张仪是苏秦的前辈,他的主要活动是在秦惠文王时期;而英国达人的主要活动时间是在秦昭襄王时期,所以,二人合力演“双簧”实为子虚。
“合纵连横”是那个时代的主旋律,也是纵横家出彩的大舞台,在《孟子》中有一段话说,“公孙衍、张仪岂不诚大丈夫哉?一怒而诸侯惧,安居而天下熄”,反映的就是他们在那个时代的威力,选择“合纵”还是“连横”,直接决定了一个国家的走向。
苏秦是东周洛阳人,据说家境也很是不好,但他是个绝顶聪明之人,成语中有个词叫“走马观碑”说的就是他,骑着马将路旁石碑看一眼,就能一字不差的背出来,这不是神人是什么?
他人不仅聪明,而且又还努力,我们现在知道描写刻苦学习的成语中,最为极致的场景叫“悬梁刺股”,这“刺股”说的就是他,读书读得发晕了,就用锥子刺自己的大腿,马上疼清醒后,继续读,这是怎样的一种境界和自觉,完全的不可想象。
这一切都缘自于苏秦想出人头地,也不知道他的几代祖上曾经是贵族,他自然不会安于当个普通的农民,也想重温一把贵族梦吧。
特别是同他家境差不多的前辈张仪的成功,如何能不刺激着他发奋的欲望,他也想依靠自己的聪明才智,在这个时代的舞台上成为主角,光宗耀祖,青史留名,实现自己的人生价值。
苏秦自以为书读得够多后,便开始他的圆梦之旅,面对天下礼崩乐坏的一片乱象,他游走列国,兜售他的主张,但现实是他走得很不顺利,屡遭冷眼,也无人买他的账,几年后,灰头土脸地回到了家中。

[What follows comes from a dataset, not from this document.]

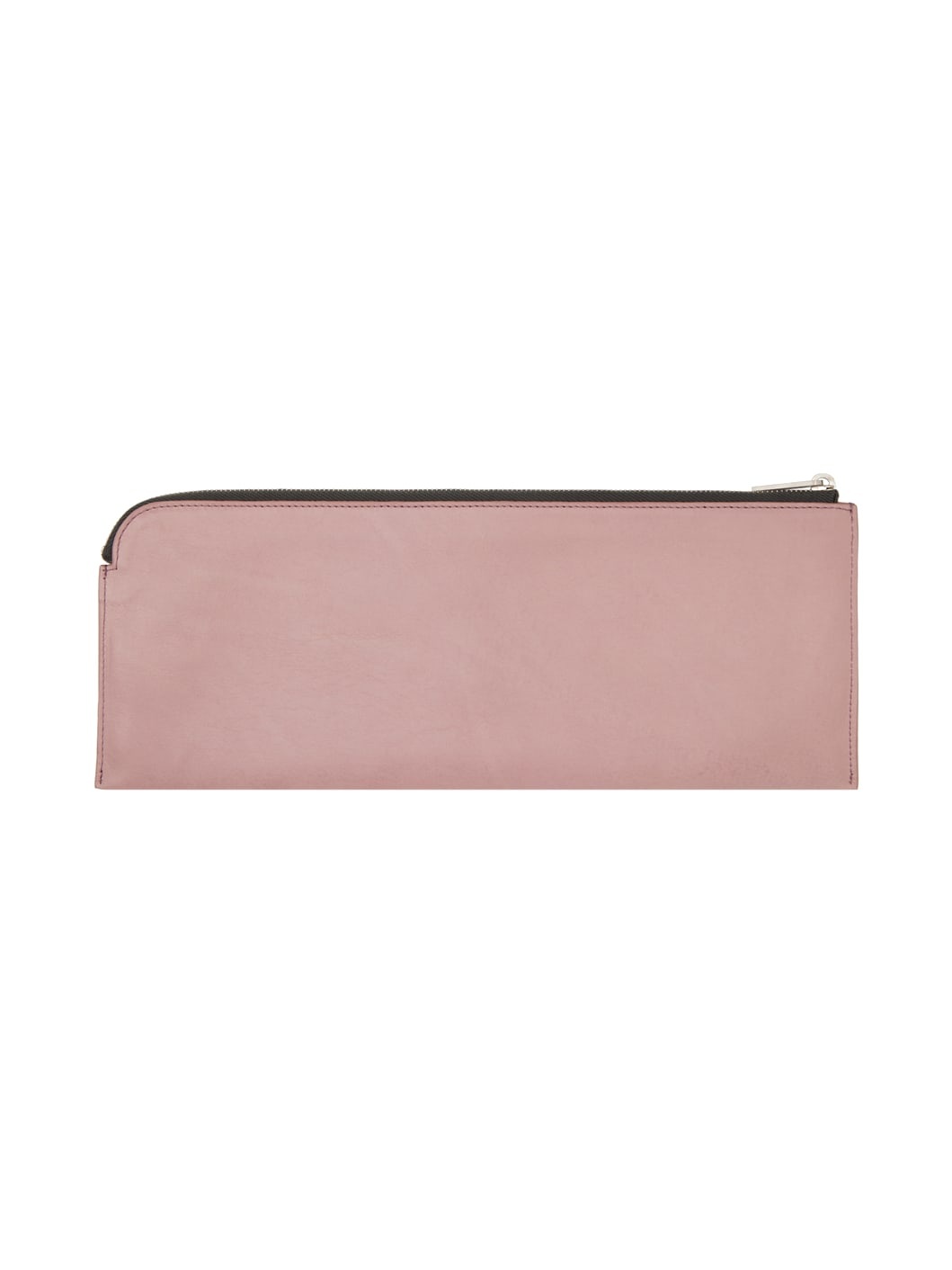 Pink Invite Wallet - 2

成天读书不做事,光吃饭耍嘴皮,费了多少食粮和钱财却一事无成,家人对这铩羽而归的苏秦自是没有好脸,妻子嫌弃,嫂子鄙视,所谓“出游数岁,大困而归,兄弟嫂妹妻妾窃皆笑之。”羞愧的他于是再次折节苦读,那“刺股”一事便是发生在这一时期。
后来,他再次出山游说各国,最后终于得到了燕王的赏识,在其支持下,他联络山东六国,形成“合纵”之势,《史记》记载他是佩六国相印,为“纵约长”抵御秦国,便得秦国15年不敢东向。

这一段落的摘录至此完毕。